We stopped to listen for a while and I decided to snap a photo of the band. As I lifted my camera, a man who had been there all along (yet was somehow invisible) popped into my frame. I immediately included him in the shot and as writers often do, created an entire storyline (in my head) for him in about 30 seconds.
He seemed so interesting to me, there all alone in his mismatched patterns. I just couldn’t take my eyes off him. When the band finished, we all clapped and he said a few parting words to the musicians. I suddenly had to speak to him. Completely aware of my weirdness, I hoped he would be kind. He started to leave the park and we were already on our way out so a few steps later, I finally had the courage to say something.
I broke the ice with some lame comment about the band and he said,
“Oh yes, I’ve been coming here for many years just to hear the music. They have some great music.”
We told him it was our first visit and said something about the trumpet player, whom he knew by name. We wished each other well and left it at that. As I watched him slowly make his way to the parking lot, I imagined him making the same trip hundreds of times. I wondered what his favorite bands were and how many other awesome hats were hanging next to his front door.
It’s been several weeks and I just can’t stop thinking about this elderly man who goes to Disneyland just to hear the music. What a wonderful thing to do in your twilight years. I suppose I’ve always had a special place in my heart for the elderly. I get it from my Dad who would visit nursing homes every week, preaching and singing old hymns. I went along many times and have a great deal of respect for their wisdom and experience.

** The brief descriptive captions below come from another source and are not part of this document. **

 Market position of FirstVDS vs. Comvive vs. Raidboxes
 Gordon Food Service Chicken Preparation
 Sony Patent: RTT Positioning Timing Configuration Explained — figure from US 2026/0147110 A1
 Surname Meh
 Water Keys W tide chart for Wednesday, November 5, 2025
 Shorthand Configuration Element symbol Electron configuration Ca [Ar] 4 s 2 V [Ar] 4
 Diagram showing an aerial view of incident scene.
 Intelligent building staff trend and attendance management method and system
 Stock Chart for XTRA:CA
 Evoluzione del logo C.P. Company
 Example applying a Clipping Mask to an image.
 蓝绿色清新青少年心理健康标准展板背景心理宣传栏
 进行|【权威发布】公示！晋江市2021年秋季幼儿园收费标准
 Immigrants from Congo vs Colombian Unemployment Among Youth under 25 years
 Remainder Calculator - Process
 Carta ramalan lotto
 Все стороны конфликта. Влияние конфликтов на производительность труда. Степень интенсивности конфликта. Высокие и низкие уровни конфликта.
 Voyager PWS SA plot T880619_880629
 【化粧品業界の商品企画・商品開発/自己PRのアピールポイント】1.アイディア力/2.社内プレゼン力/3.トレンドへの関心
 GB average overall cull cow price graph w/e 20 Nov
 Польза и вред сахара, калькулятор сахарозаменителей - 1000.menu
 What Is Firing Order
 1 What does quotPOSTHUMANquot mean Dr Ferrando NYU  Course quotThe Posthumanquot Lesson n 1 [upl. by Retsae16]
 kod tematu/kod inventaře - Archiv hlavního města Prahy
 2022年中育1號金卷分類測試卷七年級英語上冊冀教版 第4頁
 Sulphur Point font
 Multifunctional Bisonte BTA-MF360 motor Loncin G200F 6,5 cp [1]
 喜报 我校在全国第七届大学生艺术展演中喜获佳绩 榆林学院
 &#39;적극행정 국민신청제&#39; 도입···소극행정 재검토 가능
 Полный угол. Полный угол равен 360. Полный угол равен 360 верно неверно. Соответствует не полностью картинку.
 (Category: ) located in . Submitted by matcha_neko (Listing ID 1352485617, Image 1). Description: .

I remember my own grandparents, who have all passed away, as being full of life until their very last days; always singing, always embracing each day as a new opportunity. I have never been afraid of aging or even death, because I believe they taught me each day is a gift whether it is my first or the last.
In the words of Peter Pan,
“I’ll teach you how to jump on the wind’s back, and then away we go.”
I sometimes feel silly for my childlike excitement when it comes to Disney. But standing there in Anaheim, with a brass band in front of me and Pluto signing autographs behind me, I was reminded that silly is in the eye of the beholder. Why should we ever grow out of enjoying life? Why shouldn’t we listen to the music and pretend to fly? My grandparents never outgrew those things and this man certainly hasn’t either.
Come to think of it, I never did find out the old man’s name. I think I’ll call him Peter.